# Golf Clubs On The Costa Blanca



## Golf Shop (Jan 31, 2008)

Is it possible to make yourself a member of a club anywhere on the Costa Blanca or is it all pay as you play.

I have heard contrasting stories but ideally would like to join somewhere and be able to play in competitions etc.Is this possible ?

Any help would be most appreciated.


----------



## Stravinsky (Aug 12, 2007)

Golf Shop said:


> Is it possible to make yourself a member of a club anywhere on the Costa Blanca or is it all pay as you play.
> 
> I have heard contrasting stories but ideally would like to join somewhere and be able to play in competitions etc.Is this possible ?
> 
> Any help would be most appreciated.


Your best bet is to join a society, and there are plenty around. In general you cant "join" a golf club but have to invest in shares. This is an investment, but you have to have the money available to do it. As I said in another thread Escorpion in Valencia was €12k for a friend to join, and thats now worth double.
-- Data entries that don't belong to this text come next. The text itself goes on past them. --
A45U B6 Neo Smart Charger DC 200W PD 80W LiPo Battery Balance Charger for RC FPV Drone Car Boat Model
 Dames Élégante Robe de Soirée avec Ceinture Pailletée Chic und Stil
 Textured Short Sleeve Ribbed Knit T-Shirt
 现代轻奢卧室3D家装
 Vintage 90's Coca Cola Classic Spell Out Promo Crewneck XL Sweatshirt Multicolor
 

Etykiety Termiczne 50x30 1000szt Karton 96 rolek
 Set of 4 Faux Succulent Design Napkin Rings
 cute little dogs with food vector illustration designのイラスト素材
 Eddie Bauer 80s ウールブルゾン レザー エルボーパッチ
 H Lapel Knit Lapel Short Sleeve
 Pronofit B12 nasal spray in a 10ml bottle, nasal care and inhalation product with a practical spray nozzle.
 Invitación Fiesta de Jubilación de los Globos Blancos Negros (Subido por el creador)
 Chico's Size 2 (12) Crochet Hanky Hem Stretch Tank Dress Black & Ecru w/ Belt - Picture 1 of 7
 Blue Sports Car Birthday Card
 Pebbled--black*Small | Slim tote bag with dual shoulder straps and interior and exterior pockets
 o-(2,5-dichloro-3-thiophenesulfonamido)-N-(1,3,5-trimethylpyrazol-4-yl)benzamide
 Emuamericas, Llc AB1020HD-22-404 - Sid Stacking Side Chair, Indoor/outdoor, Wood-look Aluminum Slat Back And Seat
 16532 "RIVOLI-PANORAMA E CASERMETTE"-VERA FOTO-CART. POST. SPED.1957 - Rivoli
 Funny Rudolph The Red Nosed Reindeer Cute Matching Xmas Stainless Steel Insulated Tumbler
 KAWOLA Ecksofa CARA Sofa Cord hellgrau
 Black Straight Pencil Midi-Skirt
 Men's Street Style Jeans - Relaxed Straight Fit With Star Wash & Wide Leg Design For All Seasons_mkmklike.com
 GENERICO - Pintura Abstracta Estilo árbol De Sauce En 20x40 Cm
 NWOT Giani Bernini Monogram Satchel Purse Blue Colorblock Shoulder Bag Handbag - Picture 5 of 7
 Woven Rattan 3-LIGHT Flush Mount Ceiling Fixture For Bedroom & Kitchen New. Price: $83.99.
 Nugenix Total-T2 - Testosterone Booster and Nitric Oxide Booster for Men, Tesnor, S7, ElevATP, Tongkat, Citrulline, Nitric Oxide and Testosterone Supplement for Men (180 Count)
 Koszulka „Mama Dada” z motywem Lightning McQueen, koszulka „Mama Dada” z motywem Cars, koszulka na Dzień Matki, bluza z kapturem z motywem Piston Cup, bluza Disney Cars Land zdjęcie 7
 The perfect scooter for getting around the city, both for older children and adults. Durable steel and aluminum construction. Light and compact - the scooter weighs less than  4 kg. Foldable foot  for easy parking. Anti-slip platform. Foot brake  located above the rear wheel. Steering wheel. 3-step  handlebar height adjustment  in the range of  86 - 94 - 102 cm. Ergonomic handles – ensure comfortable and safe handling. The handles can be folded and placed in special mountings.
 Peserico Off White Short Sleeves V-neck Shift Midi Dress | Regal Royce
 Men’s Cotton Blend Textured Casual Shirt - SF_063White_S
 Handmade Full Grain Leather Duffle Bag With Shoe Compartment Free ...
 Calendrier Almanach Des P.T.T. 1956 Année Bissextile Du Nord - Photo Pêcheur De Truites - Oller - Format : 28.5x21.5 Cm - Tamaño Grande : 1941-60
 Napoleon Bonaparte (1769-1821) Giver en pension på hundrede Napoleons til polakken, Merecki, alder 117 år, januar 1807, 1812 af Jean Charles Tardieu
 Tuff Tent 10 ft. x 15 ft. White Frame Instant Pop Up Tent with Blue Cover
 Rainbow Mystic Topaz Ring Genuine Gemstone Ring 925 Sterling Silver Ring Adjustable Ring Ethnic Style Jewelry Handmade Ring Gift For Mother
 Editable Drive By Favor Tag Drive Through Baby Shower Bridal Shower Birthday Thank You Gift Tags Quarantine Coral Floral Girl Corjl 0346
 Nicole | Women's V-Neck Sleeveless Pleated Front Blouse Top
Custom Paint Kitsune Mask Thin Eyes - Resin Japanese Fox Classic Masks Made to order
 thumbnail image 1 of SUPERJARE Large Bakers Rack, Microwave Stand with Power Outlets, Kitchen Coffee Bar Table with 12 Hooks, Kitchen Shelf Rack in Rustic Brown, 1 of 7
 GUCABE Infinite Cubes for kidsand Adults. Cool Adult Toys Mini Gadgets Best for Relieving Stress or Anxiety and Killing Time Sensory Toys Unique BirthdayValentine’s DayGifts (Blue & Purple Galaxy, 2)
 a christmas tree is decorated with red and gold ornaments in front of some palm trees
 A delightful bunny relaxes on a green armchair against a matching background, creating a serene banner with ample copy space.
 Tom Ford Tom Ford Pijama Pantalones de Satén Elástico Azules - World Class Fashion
I pay €35 a time to play there as his guest. Oliva Nova nearby is around €68 a round

Look on the Harley thread here, I gave a link for tee time bookings


----------



## Golf Shop (Jan 31, 2008)

Hi, does buying shares in a golf club give you free or subsidised golf? Anyone any idea what the going rate for a share is???


----------



## Stravinsky (Aug 12, 2007)

Golf Shop said:


> Hi, does buying shares in a golf club give you free or subsidised golf? Anyone any idea what the going rate for a share is???


It normally gives you free unlimited golf, but there are some that do a discounted share figure and you pay green fees also.

As for the figure, you have to enquire from the club


----------